Performance or experience—which is better? With the Radeon HD 5870, ATI says it’s gunning for both. We’ve already covered the architecture, ATI’s key to delivering performance with Cypress. Now let’s take a closer look at the experience. ATI is relying on three components enabled through hardware here: its Eyefinity technology, Stream, and DirectX 11.
Right off the bat, I think it’s fairly safe to say that for all of the hoopla ATI made about its DirectX 10.1 support, real gamers in the real world never saw a tangible benefit. I’ve played S.T.A.L.K.E.R.; I’ve played H.A.W.X. The experience on a DirectX 10 card versus DirectX 10.1 is not worth mention. And for that matter, I’d also argue that DirectX 10 hasn’t had as profound on impact on gaming experience as prior versions of the API. Why should we believe DirectX 11 is going to be any more prolific than its predecessor?

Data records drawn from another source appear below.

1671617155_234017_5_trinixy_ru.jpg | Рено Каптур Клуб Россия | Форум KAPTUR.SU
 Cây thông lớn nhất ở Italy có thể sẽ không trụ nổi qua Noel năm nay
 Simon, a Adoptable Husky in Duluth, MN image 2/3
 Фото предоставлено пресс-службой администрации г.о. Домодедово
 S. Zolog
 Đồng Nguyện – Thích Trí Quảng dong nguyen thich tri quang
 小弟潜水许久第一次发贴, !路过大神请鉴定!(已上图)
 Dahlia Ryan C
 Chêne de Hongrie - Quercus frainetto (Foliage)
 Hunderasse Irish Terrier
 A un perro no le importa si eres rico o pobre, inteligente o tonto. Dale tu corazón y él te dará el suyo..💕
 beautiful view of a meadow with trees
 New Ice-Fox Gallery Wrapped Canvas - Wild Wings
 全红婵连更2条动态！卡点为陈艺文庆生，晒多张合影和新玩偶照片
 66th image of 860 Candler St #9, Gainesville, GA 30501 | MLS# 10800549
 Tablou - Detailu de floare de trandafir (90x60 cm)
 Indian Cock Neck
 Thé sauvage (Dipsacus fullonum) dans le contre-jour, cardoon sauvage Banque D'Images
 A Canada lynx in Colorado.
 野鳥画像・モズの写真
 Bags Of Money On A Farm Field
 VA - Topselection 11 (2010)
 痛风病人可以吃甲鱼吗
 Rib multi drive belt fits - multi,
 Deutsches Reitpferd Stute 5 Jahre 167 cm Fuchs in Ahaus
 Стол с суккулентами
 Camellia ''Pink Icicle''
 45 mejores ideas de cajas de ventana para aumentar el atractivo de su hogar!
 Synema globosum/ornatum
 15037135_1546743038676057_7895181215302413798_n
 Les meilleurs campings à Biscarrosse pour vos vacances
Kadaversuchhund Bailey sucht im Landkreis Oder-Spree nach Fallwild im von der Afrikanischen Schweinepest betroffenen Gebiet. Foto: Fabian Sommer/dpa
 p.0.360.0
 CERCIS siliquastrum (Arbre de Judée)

The reality of the situation is that DirectX 11 probably won’t be as impactful as DirectX 8 or 9, both of which introduced key shading capabilities. But it is seen as the next logical step for ISVs still working with DirectX 9, since it’s a super-set of DirectX 10/10.1 supporting existing hardware, plus DX11 cards. Microsoft has made sure it's easier to code with DX11, so we really are expecting to see a faster up-take of the API than DirectX 10.
The notable features supported by DX11 are illustrated in the chart below.
|Feature||DirectX 10||DirectX 10.1||DirectX 11|
|BC6/BC7 Texture Compression||-||-||x|
ATI has included tessellation support in its GPUs since 2001. And while I’m not sure how much play those early hardware implementations actually got in the game development world, they’ve helped pave the way for tessellation as it exists today, exposed through a number of different implementations (Catmull-Clark subdivision surface modeling, Bézier patch meshes, n-patches, displacement mapping, and adaptive/continuous tessellation). Of course, the benefits of tessellation are apparent—more polygons mean more detail and hence more realism. And because tessellation is now standardized as a component of DirectX 11, ISVs are more likely to lean on it without the frustration of only supporting one vendor’s hardware. In fact, we saw Rebellion demonstrate tessellation in its upcoming Aliens Vs. Predator title, launching in Q1 of next year.
DirectX 11 also introduces Shader Model 5.0, which offers developers a more object-oriented approach to coding HLSL. Ideally, this will help motivate ISVs to adopt the new API quicker, since programming becomes cleaner and more efficient (for a more specific example of this in practice, check out Fedy’s DirectX 11 preview).
Gamers with multi-core processors should realize performance gains from DirectX 11-based titles by virtue of threading optimizations made to the API. ATI and Nvidia have been shipping multi-threaded drivers for three years now capable of dispatching commands to the GPU in parallel. According to Nvidia, this was worth anywhere from 10 to 40 percent additional performance back in ’06. But DirectX 11 goes even further, allowing the application, DirectX runtime, and driver to run in separate threads. ATI gives the example of loading textures or compiling shaders in parallel with the main rendering thread. In essence, the threading is much more granular, which, almost ironically, should prove more beneficial to AMD and Intel than ATI and Nvidia. Wait. Yeah. That’s a real win for AMD, isn’t it?
Improved texture compression is another one of those developer-oriented enhancements that will benefit gamers through greater rendering quality without the expected corresponding performance hit to memory bandwidth. DirectX 11 includes two new block compression formats: BC6 and BC7. BC6 enables up to 6:1 compression of 16-bit high dynamic range textures with hardware decompression support. BC7 delivers up to 3:1 compression of eight-bit textures and normal maps.